当时在江湖市井、三教九流里,就把开这种茶坊、兼做风月撮合的女老板,专门统一叫“乾娘”。后来老百姓口口相传,写的时候图省事,把“乾”简写成“干”,读音也跟着念成gān,就变成现在咱们听的“干娘”。
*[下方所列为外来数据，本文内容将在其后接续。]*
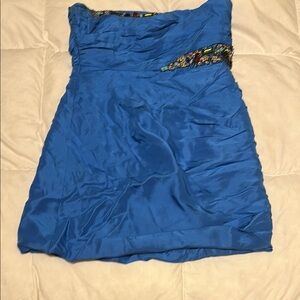 Blue Strapless Dress with Beaded Detail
所以说,西门庆管王婆叫干娘,潘金莲也叫她干娘,叫的不是亲戚、不是干妈、不是奶娘,叫的是她的职业身份,是这个行当里的专用称呼、行业黑话。王婆自己说当过西门庆的奶娘,那都是临时编的瞎话,用来掩人耳目,跟这个称呼的来历一点关系都没有。
田连元说“干娘”是宋元风月茶坊女老板的行业专用称呼,源自“乾茶/月乾”,和认干妈、市井里对中老年妇女的尊称无关,这只是一家之言。
为什么这么说?《喻世明言·第〇一卷·蒋兴哥重会珍珠衫》中的薛婆是卖珠子的,也不是开水茶坊的老板娘,更谈不上“乾茶”与“月乾”。所以,“干娘”是市井里对中老年妇女的尊称。